Tag: Wikidata (page 2 of 3)

Impact of Wikimania Mexico 2015 on Wikidata

Recently Wikidata celebrated its third birthday. For the occasion I ran the map generation script that I have talked about before again to see what had changed in the geo coordinate landscape of Wikidata!

I found, well, Mexico blossomed!

The image to the left is from June 2015, the right October 2015 and Wikimania was in July 2015!

I will be keeping an eye out for what happens on the map around Esino Lario in 2016 to see what impact the event has on Wikidata again.

Full maps

Un-deleting 500,000 Wikidata items

Since some time in January of this year I have been on a mission to un-delete all Wikidata items that were merged into other items before the redirect functionality of Wikidata existed. Finally I am done (well nearly). This is the short story…

Reasoning

Earlier this year I pointed out the importance of redirects on Wikidata in a blog post. At the time I was amazed at how the community nearly said that they were not going to create redirects for merged items…. but thank the higher powers that the discussion just swung in favour of redirects.

Redirects are needed to maintain the persistent identifiers that Wikidata has. When two items relate to the same concept, they are merged and one of the identifiers must then be left pointing to the identifier now holding the data of the concept.

Listing approach

Since Wikidata began there have been around 1,000,000 log entries deleting pages, which equates to roughly the same number of items deleted, although some deleted items may also have been restored. This was a great starting point. The basic query to get this result was can be found below.

I removed quite a few items from this initial list by looking at at items that had already been restored and were already redirects. To do this I had to find all of the redirects!

At this stage I could have probably tried and remove more items depending on if they currently exist, but there was very little point. In fact it turned out that there was very little point in the above query as prior to my run very few items were un-deleted in order to create redirects.

The next step was to determine which of the logged deletions were actually due to the item being merged into another item. This is fairly easy as most cases of merges used the merge gadget on Wikidata.org. So if the summary matched the following regular expression! I would therefore assume it was deleted due to being merged / a duplicate of another item.

And of course in order to create a redirect I would have to be able to identify a target, so, match Q id links.

I then had a fairly  nice list, although it was still large, but it was time to actually start trying to create these redirects!

Editing approach

So firstly I should point out that such a task is only possible while using an Admin account, as you need to be able to see deleted revisions / un-delete items. Secondly it is not possible to create a redirect over a deleted item and also not possible to restore an item when that would create a conflict on the site, for example due to duplicate site links on items or duplicate joined labels and descriptions.

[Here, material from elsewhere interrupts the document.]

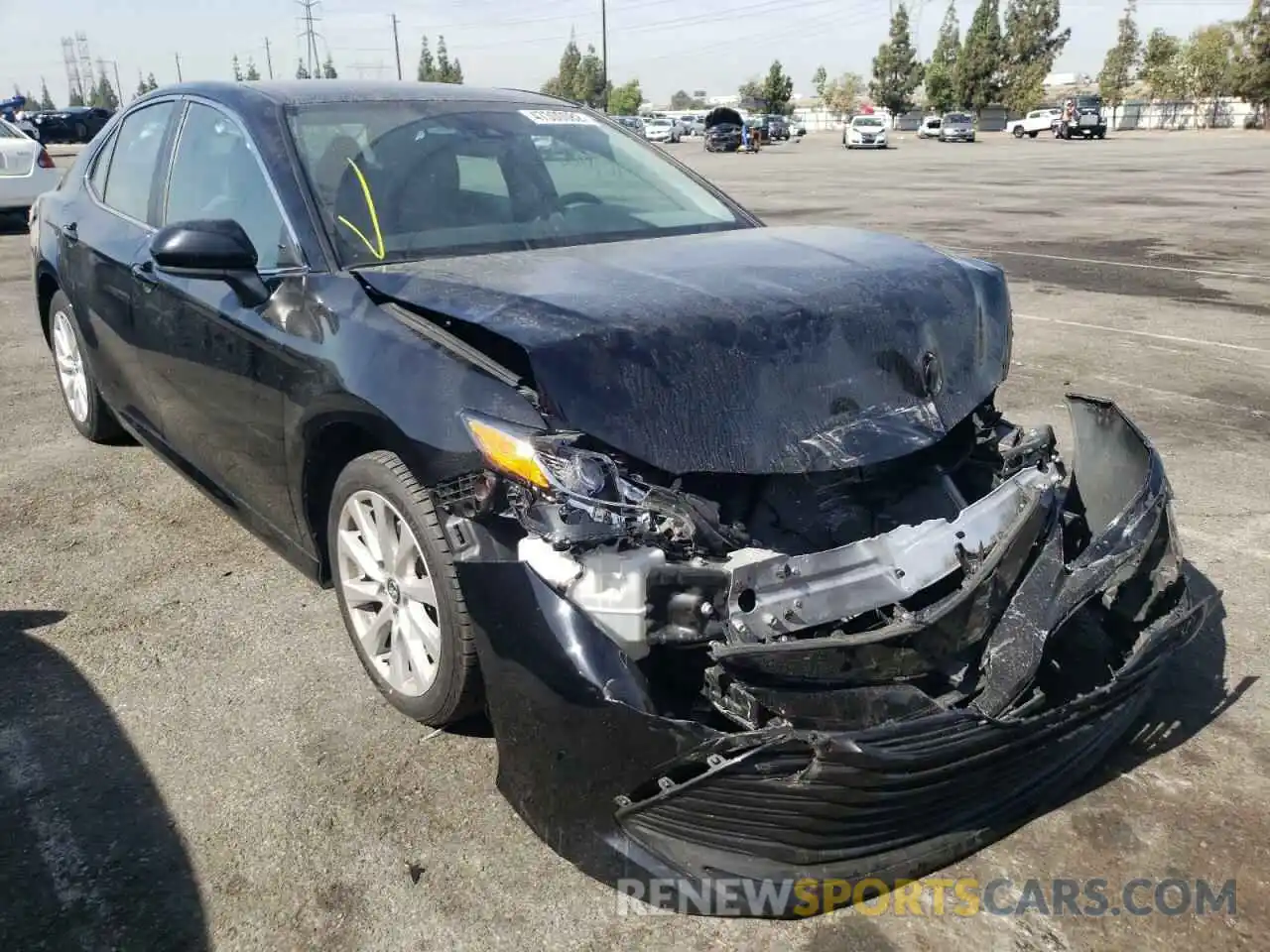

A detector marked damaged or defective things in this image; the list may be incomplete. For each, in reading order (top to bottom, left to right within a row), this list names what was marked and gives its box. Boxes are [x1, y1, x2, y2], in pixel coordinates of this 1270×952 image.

crumpled hood [357, 224, 1010, 477]
damaged front end [446, 393, 1208, 918]
detached front bumper cover [461, 393, 1213, 918]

I split the list up into 104 different sections, each containing exactly 10,000 item IDs. I could then fire up multiple processes to try and create these redirects to make the task go as quickly as possible.

The process of touching a single ID was:

  1. Make sure that the target of the merge exists. If it does not then log to a file, if it does, continue.
  2. Try to un-delete the item. If the deletion fails log to a file, if it is successful continue.
  3. Try to clear the item (as you can only create redirects over empty items). This either results in an edit or no edit, it doesn’t really matter.
  4. Try to create the redirect, this should never fail! If it does log to a fail file that I can clean up after.

The approach on the whole worked very well. As far as I know there were no incorrect un-deletions and nothing failing in the middle.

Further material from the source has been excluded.